- Release poster
- Directed by: Rajiv Kumar Biswas
- Written by: Merlapaka Gandhi
- Screenplay by: N. K. Salil
- Story by: Merlapaka Gandhi
- Produced by: Shrikant Mohta Nispal Singh
- Starring: Dev Nusrat Jahan
- Edited by: Md. Kalam
- Music by: Jeet Gannguli
- Production company: Shree Venkatesh Films
- Distributed by: Shree Venkatesh Films Surinder Films
- Release date: 9 September 2016;
- Running time: 147:21 minutes
- Country: India
- Language: Bengali

= Love Express (2016 film) =

2016 film by Rajiv Kumar Biswas

Love Express is a 2016 Bengali-language romantic adventure comedy film directed by Rajiv Kumar Biswas. The soundtrack of the film was composed by Jeet Gannguli. The film stars Dev and Nusrat Jahan in lead roles.

== Plot ==
The film focusses on a family living in Kolkata whose head is Ram Shibo Prasad, a retired head master. He is a disciplined person and always tries to make his relatives behave in the same way. To avoid bad remarks from the society about his family, he sets up a family constitution of discipline. His mania for discipline is so big that if any one of his family members commits 100 mistakes, that person would be banished from the family and that mistake can be anything which Shibo Prasad hates which includes laughing out loudly. Thus all of the family members maintain a disciplined life to avoid being banished from the house. In detail, the family consists of Shibo Prasad's wife Aparna, an Asthma patient; his daughter Kavita, his son in law Vikas and their kids. Apart from them are Shibo Prasad's two sons Ananada and Raktim Prasad. Since Shibo Prasad's brother Ram Prasad was alleged to be committed 100 Mistakes though he didn't, he is sent away from home. While all of the family members commit mistakes less than 20, Raktim commits 99 mistakes and one more, he is out of the family.
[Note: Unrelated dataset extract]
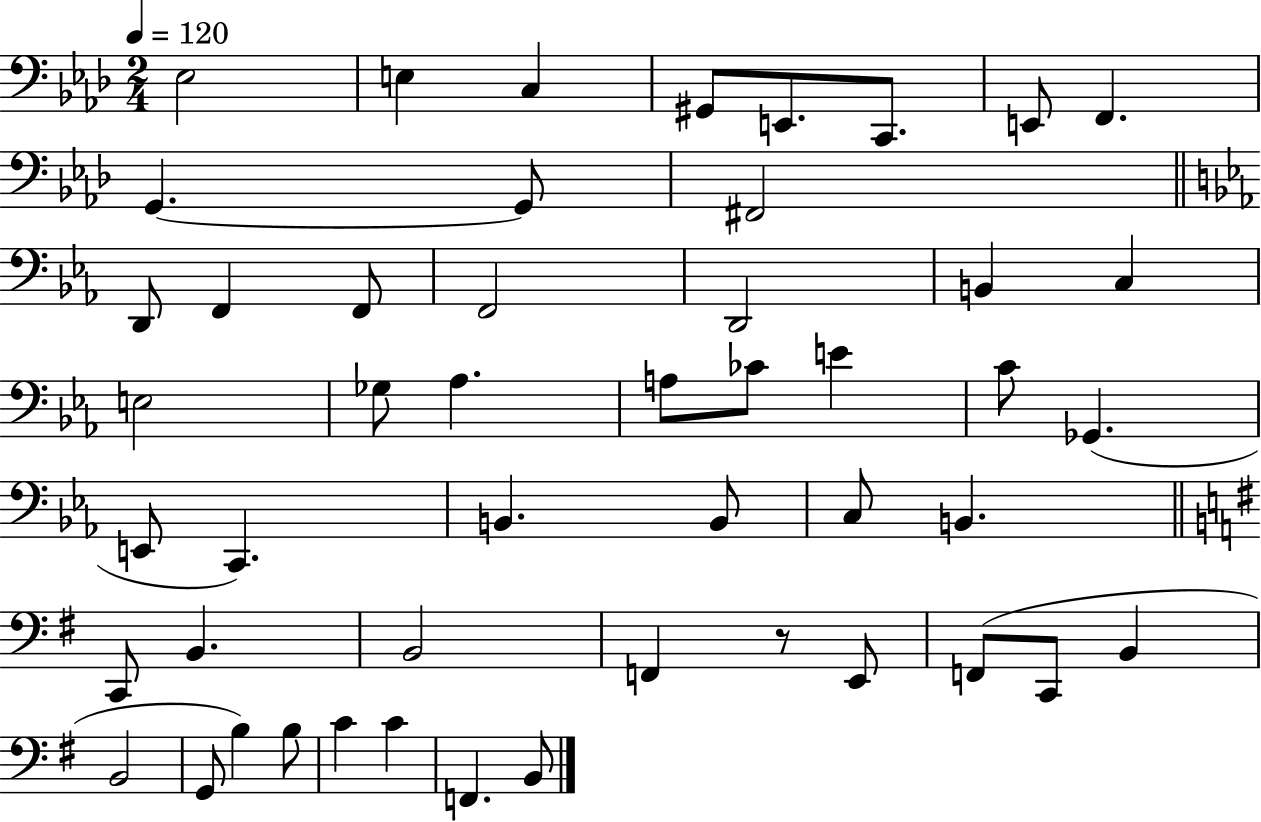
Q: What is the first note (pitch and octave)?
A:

So to avoid that Raktim starts leading a careful life. Ananda's marriage is scheduled at New Jalpaiguri and the whole family boards Paharia Express at Howrah. Raktim's mother forgot the Sindor at the house and Raktim goes away to bring it back. Moreover, to his convenience, Raktim is in S4 while others are in S3. So Raktim goes outside the station and waits for an Taxi, But none accepts to go to his area. Meanwhile, a miser techie Neelasha reaches Howrah railway station to board the Paharia Express and the taxi driver goes to bring the change in order to pay her off the balance amount after receiving the fare. Raktim gets into the vehicle and goes to his home. He breaks the house's lock with a stone as he has no keys to open it. He takes the Sindoor and goes back to Howrah Railway Station. Neelasha catches yet another Taxi and reaches to the station. There she pays off the fares of both the vehicles and goes to board the train.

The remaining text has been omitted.